I know this is a recipe section, but I just had to brag on some deer loin my wife cooked.  I just ate the whole batch of it.  I couldn't stop till it was gone.  The loin was butterflyed, and she seasoned it with olive oil, garlic powder, pepper, and soy sauce.  She wrapped the loin in foil and baked it for 30 mins at 350 in the oven.  Next batch she cooks I will take a picture of it.


----------



## LastChance (Nov 4, 2013)

lol just a tease with no recipe


----------



## chrisr116 (Nov 4, 2013)

Yeah, she won't give me exact amounts..she probably doesn't even know.


----------



## srd1 (Nov 4, 2013)

Nothin better than some good backstrap brother love em with a little flour garlic salt and pepper and fried in peanut oil. I just got really fucking hungry lol.


----------



## Magnus82 (Nov 4, 2013)

Love venison!!!  Did you shoot it Chris?


----------



## chrisr116 (Nov 4, 2013)

Magnus82 said:


> Love venison!!!  Did you shoot it Chris?

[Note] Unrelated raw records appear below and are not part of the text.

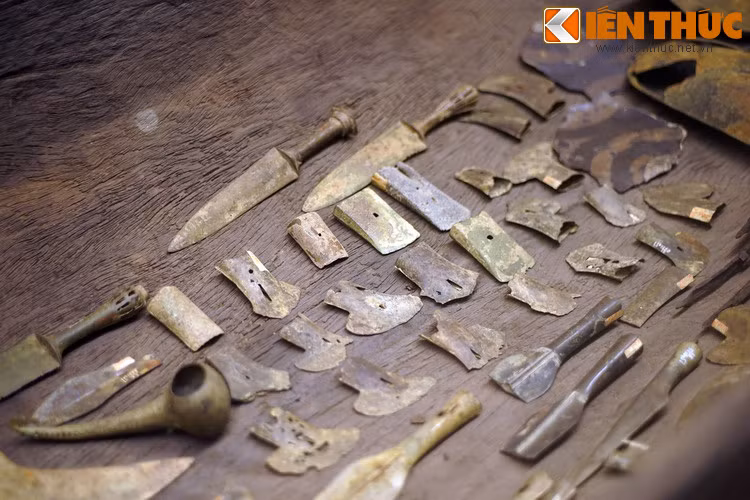 Số lượng vũ khí Đông Sơn trong mộ thuyền Việt Khê đủ trang bị cho một đội quân số lượng hàng chục người.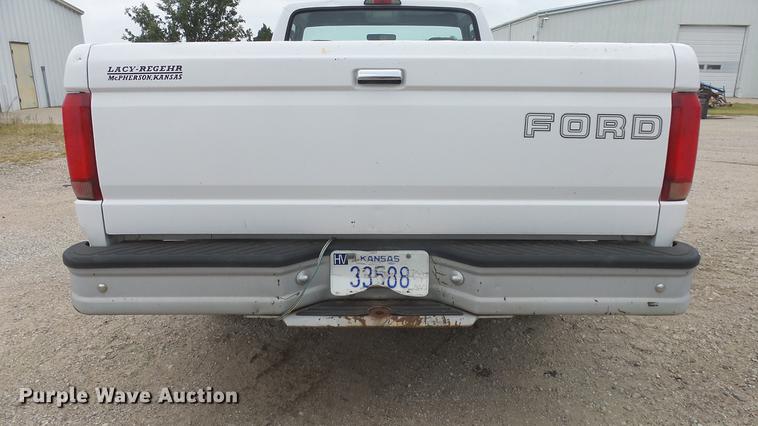 image for item FO9146 1995 Ford F150 pickup truck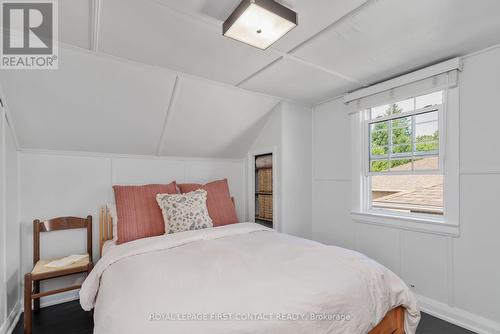 64 Puget Street, Barrie, ON - Indoor Photo Showing Bedroom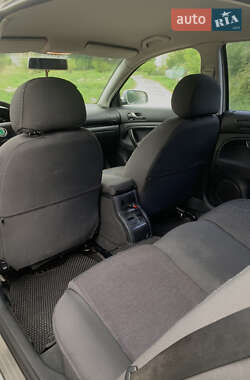 Лифтбек Skoda Superb 2004 в 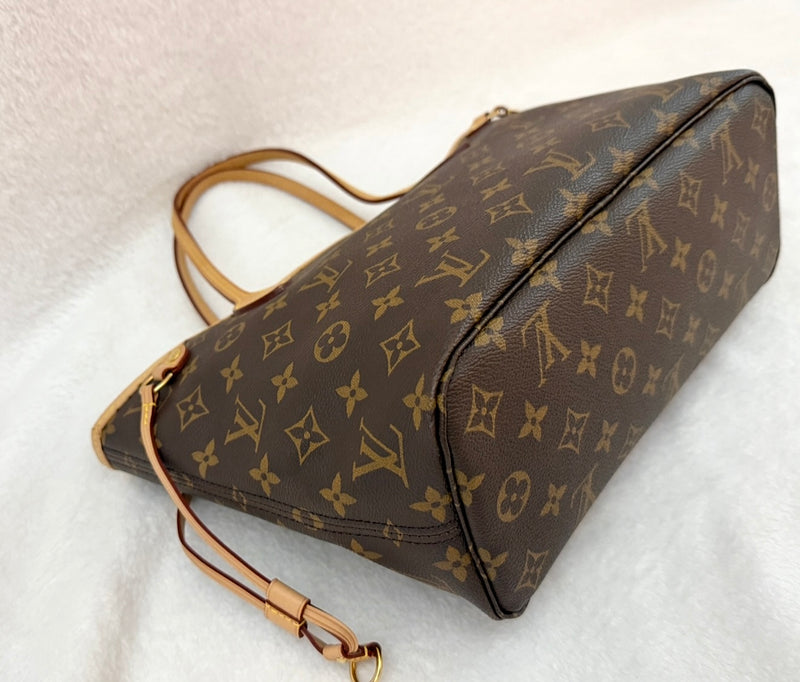Louis Vuitton Monogram Neverfull PM
Tote Pivoine Interior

Yep, slow year so far though. It's not like the deer are dying to jump in the back of my truck. You still eating on that bison you killed?


----------



## Magnus82 (Nov 4, 2013)

Still got a little left.  Just got two big bull elks.  That will fill the freezer for awhile!


----------



## Jhezel (Nov 4, 2013)

What's going on Chrisr116?  Not to long ago I ate some elk backstrap. Damm that was good.


----------



## jacked391 (Nov 5, 2013)

Yum damn gettn hungry


----------



## Ironbuilt (Nov 5, 2013)

Poor deer..poor elk..poor bison.. U all should join PETA like me.. Pet and dont kill..


----------



## chrisr116 (Nov 5, 2013)

Ironbuilt said:


> Poor deer..poor elk..poor bison.. U all should join PETA like me.. Pet and dont kill..

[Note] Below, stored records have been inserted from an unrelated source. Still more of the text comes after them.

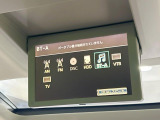 【後席モニター】家族や友人とお出かけする機会が多い方に大人気の後席モニターを装備!見やすい位置に画面がありテレビやDVDの視聴も快適!友達もお子様も、後席にしか乗らなくなるかも??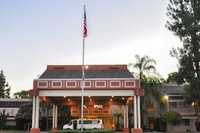 Piccadilly Inn Airport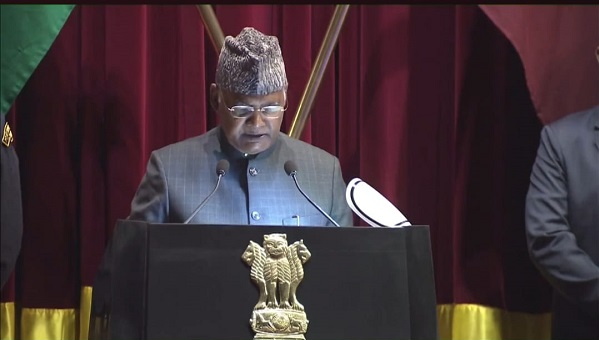 राष्ट्रपति ने डिफेंस सर्विसेज स्टाफ कॉलेज, विलिंगटन के 77वें स्टाफ कोर्स के छात्र अधिकारियों को संबोधित किया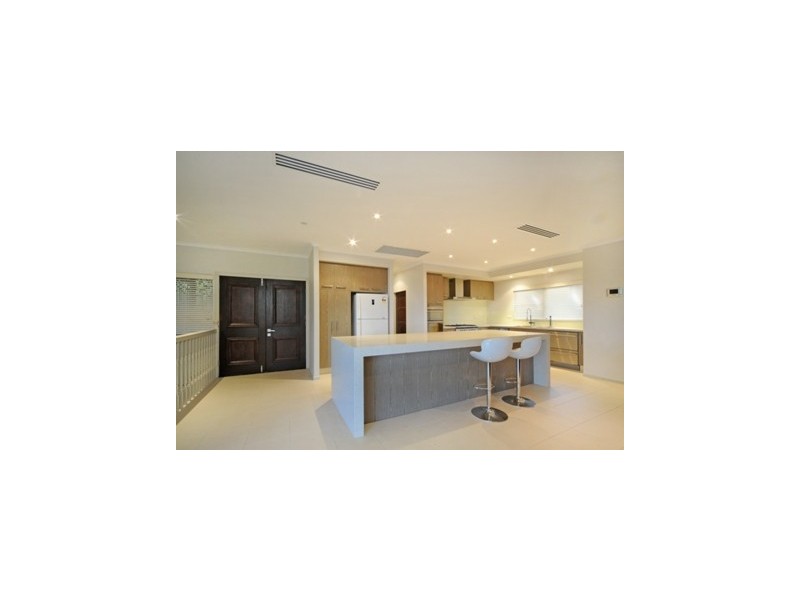 11 Orana Street, Airlie Beach QLD 4802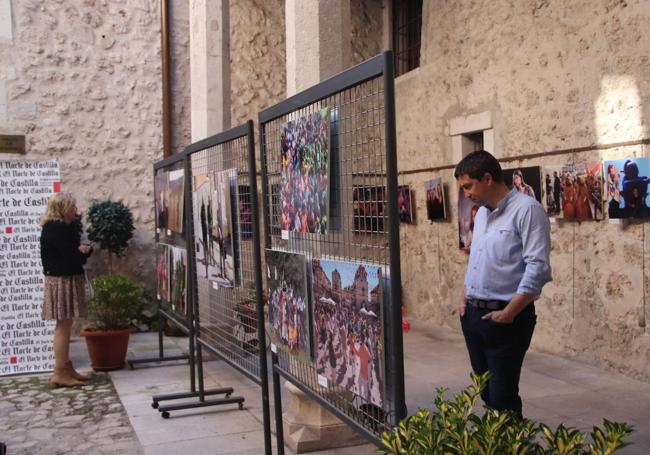 Dos visitantes a la exposición contemplan las fotografías.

PETA- People Eating Tasty Animals


----------



## chrisr116 (Nov 5, 2013)

Jhezel said:


> What's going on Chrisr116?  Not to long ago I ate some elk backstrap. Damm that was good.



Not much out of the ordinary going on here.  I have never had elk.  I am going to try it one day....


----------



## Jhezel (Nov 5, 2013)

chrisr116 said:


> Not much out of the ordinary going on here.  I have never had elk.  I am going to try it one day....



Try it Chris, you won't regret it brother!


----------